High likely Hard WS / Pub-Sub

Architecture

Client ─WS─▶ Edge LB ─▶ WS Server ─writes─▶ DB ─CDC─▶ Change Events │ │ ▼ ▼ Redis Pub/Sub ◀─────────────────── publishes │ Other WS servers subscribed to same channel push to their connected clients

Flow

Client opens WS, subscribes to board:N.
Edit happens → API writes to DB → publishes event to Redis pub/sub on board:N.
All WS servers subscribed to that channel push to their connected clients on that board.

Concerns

Conflict resolution: last-write-wins per cell is usually fine. For free-text columns: CRDT or operational transform.
Catch-up after disconnect: Client reconnects with last_event_id. Server replays missed events from Redis stream or DB.
Permissions: verify on subscribe. Re-verify on each broadcast (or cache effective ACL).
Connection scaling: 100k concurrent → sticky-less WS servers + shared Redis. Use a connection-broker library (Centrifugo, Socket.IO adapter).

Notification system at scale

Hard Fan-out / Queue

Pipeline

Event ──▶ Notification Service ──▶ Preference Filter ──▶ Channel Routers ├─▶ Email queue → SES/Sendgrid ├─▶ Push queue → FCM / APNs └─▶ In-app DB store + WS push to online users

Features to bring up

Per-user preferences: mute channels, quiet hours, digest mode.
Digest mode: instead of immediate, batch per user. Cron rolls up daily/hourly digest.
Throttling: max 1 email per user per hour. Redis token bucket.
Dedup: hash of (user, event_id) checked before send. (The Q1 pattern at scale.)
Templating: rendered per recipient (locale, name, item title). Edge cache.

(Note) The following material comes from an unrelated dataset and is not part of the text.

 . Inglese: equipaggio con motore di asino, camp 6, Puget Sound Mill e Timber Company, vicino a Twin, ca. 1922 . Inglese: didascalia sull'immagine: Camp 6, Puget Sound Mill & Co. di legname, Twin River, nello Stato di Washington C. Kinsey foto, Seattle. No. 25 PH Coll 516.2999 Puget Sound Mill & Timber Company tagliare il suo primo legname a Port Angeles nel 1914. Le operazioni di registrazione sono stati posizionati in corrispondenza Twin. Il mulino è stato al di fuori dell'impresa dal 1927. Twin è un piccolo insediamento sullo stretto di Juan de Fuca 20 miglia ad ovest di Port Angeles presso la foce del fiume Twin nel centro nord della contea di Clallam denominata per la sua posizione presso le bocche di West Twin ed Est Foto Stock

Multi-tenant database design

Hard Sharding / Isolation

Three patterns

Pattern	Isolation	Cost	Use for
Shared DB + shared schema, `account_id` col	Low (row-level)	Low	Mass-market SaaS, freemium
Shared DB, schema per tenant	Medium	Medium	Mid-market, simpler migrations risky
DB per tenant	High	High	Enterprise tier, regulated, large accounts

monday.com is shared with row-level isolation. account_id on every table, indexed first in composites.

Sharding strategy

Shard by account_id — all an account's data lives together. Joins stay cheap.
Lookup service maps account_id → shard_id (cached in app).
Big accounts get dedicated shards (move via online migration).
Cross-shard analytics: ETL to data warehouse.

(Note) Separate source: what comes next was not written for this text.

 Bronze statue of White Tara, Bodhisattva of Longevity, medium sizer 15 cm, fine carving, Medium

Activity log / audit trail

Medium Append-only / Column Store

Write path

Async via Kafka. Never block user writes on logging.

Storage tiers

Hot: last 90 days in Postgres or ClickHouse. Partitioned by (account_id, month).
Cold: > 90 days as Parquet in S3. Queried via Athena/Trino.
Analytics: stream into BigQuery / Snowflake for product analytics.

Privacy / GDPR

User deletion request → tombstone records (don't hard-delete due to legal hold).
Mask PII fields on tombstoning. Keep IDs for referential integrity.
Retention policy per tier of account (Enterprise vs Free).

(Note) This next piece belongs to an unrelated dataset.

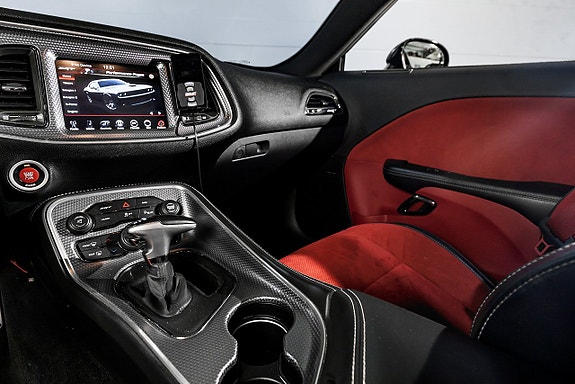 Dodge Challenger 17 of 30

File uploads & attachments

Medium Object Storage / CDN

Flow

Client requests upload URL: POST /uploads → {url, fields}.
Server returns S3 presigned POST. Bytes never touch app servers.
Client uploads directly to S3.
S3 ObjectCreated event → Lambda → virus scan → quarantine vs clean bucket.
Async: generate thumbnails (image), extract preview (PDF).
Client polls or subscribes to attachment-ready event.

Serving

Public attachments: CDN (CloudFront) with origin S3.
Private: signed URLs expiring in 1h. Sign via Lambda@Edge if you need permission check at edge.
Thumbnails: separate cache key. Different size variants.